Menurut data sejarah, awal mula kodifikasi hadis secara resmi diperkasai oleh
Umar Abdul Aziz. Ia adalah khalifah ke 8
dari dinasti Ummayah. Kodifikasi Hadis yang dilakukan pada masa ini dilatarbelakangi
oleh kekhawatiranUmar Bin Abdul Aziz terhadap berbagai persoalan selama masa
pemerintahannya akibat pergolakan politik yang sudah terjadi sejak lama yang
mengakibatkan perpecahan umat islam kepada beberapa kelompok. Hal ini secara
tidak langsung memberikan pengaruh negatif kepada orientasi hadis-hadis nabi
dan menimbulkan kehawatiran. Kehawatiran itu pada tiga hal, yaitu: pertama, hilangnya Hadis dan dengan
meninggalnya para ulama. Hal ini kemudian memicu para ulama untuk segera
membukukan hadis sesuai petunjuk sahabat yang mendengar langsung dari nabi. Kedua, bercampurnya antara Hadis yang
sahih dan yang palsu. Ketiga, semakin
meluasnya daerah kekuasaan Islam, sementara kemampuan para tabi’in antara yang
szatu dengan yang lainnya tidak sama.[2]Demikianlah
persoalan yang menentukan bangkitnya semangat para muslim khususnya Umar bin
Abdul Aziz selaku khalifah dan segera mengambil tindakan positif guna
menyelamatkan Hadis dari kemusnahan dan pemalsuan melalui pembukuannya.
B. Masa Mutaqadimin
Berikut ini adalah fase-fase perjalanan hadits
nabawi :
1.1.
Masa Rasulullah
Periwayatan hadits pasa masa Rasul
tidak lepas dari peran penting para shahabat beliau, oleh sebab itu pada masa
ini juga akan menyinggung peran shahabat saat itu. Dapat diketahui, bahwa hadis
pada masa Rasulullah SAW diterima dan diriwayatkan oleh para shahabat dengan
cara oral (syafahiyyan). Yaitu dengan
cara mendengar hadits langsung dari Rasulullah kemudian diriwayatkan dengan
lisan tanpa menunggu tulisan. Dengan cara seperti ini banyak shahabat yang hafal
hadits, hadits pada masa Nabi tidak ditulis dikarenakan apa bila hadits ditulis
maka yang akan terjadi ialah tercampurnya antara ayat alquran dan hadits nabi.
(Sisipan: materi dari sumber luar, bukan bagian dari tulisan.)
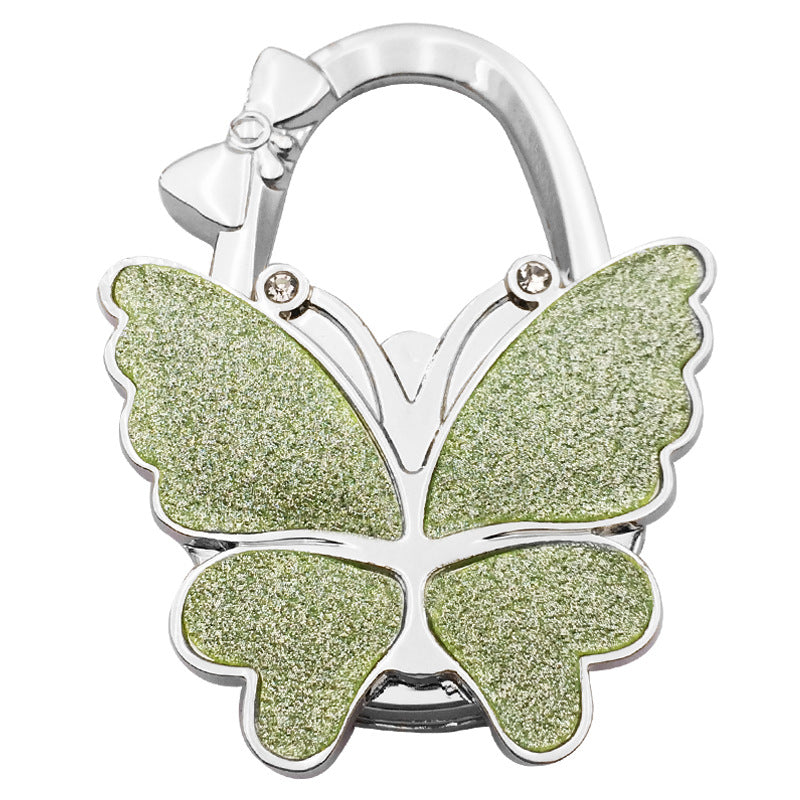 Butterfly Foldable Handbag Hook – Stylish Portable Non-Slip Bag Hanger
Para shahabat akan lebih fokus dalam penulisan hadist dibandingkan Al-Qur’an.[3]
1.2.
Masa Shahabat
Masa ini biasa disebut dengan “Masa
Pertumbuhan” (daur al-Nusyu’). Masa
ini berjalan kurang lebih satu abad lamanya, mulai dari awal hingga penghujung
abad pertama. Pada masa shahabat, hadits dapat terjaga dengan baik dan
sempurna. Menurut Nuruddin al-‘ikhtir, ada beberapa faktor yang berperan dalam
menjaga kesempurnaan hadits, di antaranya :
a. Kecerdasan para shahabat dan
kejernihan pikiran mereka.
Lingkungan
masyarakat Arab waktu itu belum terpengaruh oleh pemikiran-pemikiran bangsa
lain. Masyaraktnya pun dikenal tidak pandai dalam hal baca tulis, sehingga
dalam menanngkap suatu informasi apapun mereka lebih banyak mengandalkan daya
ingat atau hafalan begitu pula dalam menerima hadits dari Rasulullah SAW.
Adapun faktor lainnya ialah keberadaan Rasulullah di sekitar mereka yang
digunakan sebagai alasan mengapa hadits cukup dihafal dan belum begitu perlu
ditulis.
b. Motivasi agama
Kesadaran
bahwa kebahagiaan dunia maupun akhirat terdapat dalam kepatuhan manusia
terhadap perintah dan ajaran agama. Komitmen dengan apa yang telah digariskan
oleh Allah SWT dan Rasul-Nya serta menjadikan Al-Qur’an dan hadits sebagai
pegangan hidup adalah jalan untuk meraih kebahagiaan yang hakiki.
Motivasi
tersebut digunakan oleh para shahabat sebagai pemicu semangat berdakwah menyebarkan
hadits dari Rasulullah SAW. Ditambah lagi dorongan semangat dari Rasulullah SAW
untuk menghafalkan hadits dari beliau dan menyampaikannya.
c. Kedudukan hadits
Hadits
yang merupakan sumber hukum Islam yang kedua setelah Al-Qur’an menuntut para
shahabat untuk selalu berpegang teguh dengan hadits dan mengamalkannya.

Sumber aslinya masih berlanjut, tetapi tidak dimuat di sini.